Britain's relationship with Europe remains of great concern to the Conservative Party membership, generally characterised as more eurosceptic than the wider population.
Hoping to tap into that, Truss, who campaigned for 'remain' in the 2016 referendum but is now seen as the heir to Johnson's pro-Brexit position, promised to purge all remaining EU laws from the statute books.
To avoid uncertainty and confusion as Britain untangled itself from the EU after 40 years of membership, the government automatically carried over thousands of EU laws and regulations into British law so that they would still apply after Brexit.
"EU regulations hinder our businesses and this has to change," Truss said in a statement.

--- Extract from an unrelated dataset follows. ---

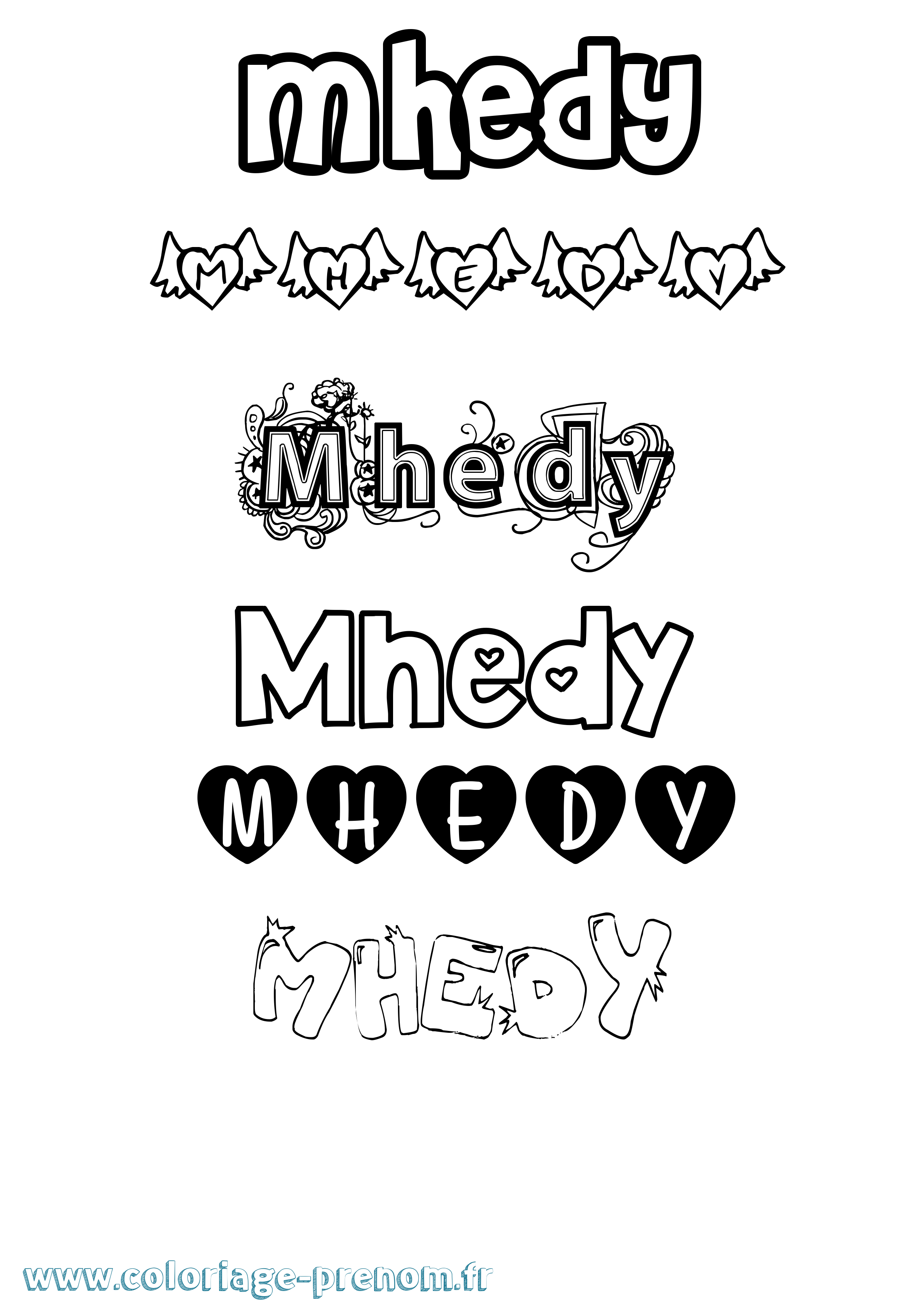 Coloriage Mhedy Girly Coloriage prénom Mhedy Girly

The statement said she was setting out her credentials as the "Brexit delivery" prime minister.
"In Downing Street, I will seize the chance to diverge from outdated EU law and frameworks and capitalise on the opportunities we have ahead of us."
The government has already set out its intention to replace or repeal existing EU laws but had not set a timeframe.
Truss's deadline of 2023 is earlier than a similar pledge made by Sunak, who campaigned for Brexit in 2016 but has been vilified by some corners of the Conservative Party for raising taxes to their highest level in decades.
Sunak said EU law would be scrapped or reformed by the next election, which is expected in 2024. Truss leads Sunak by 62% to 38% among Conservative Party members, according to a YouGov poll on Thursday.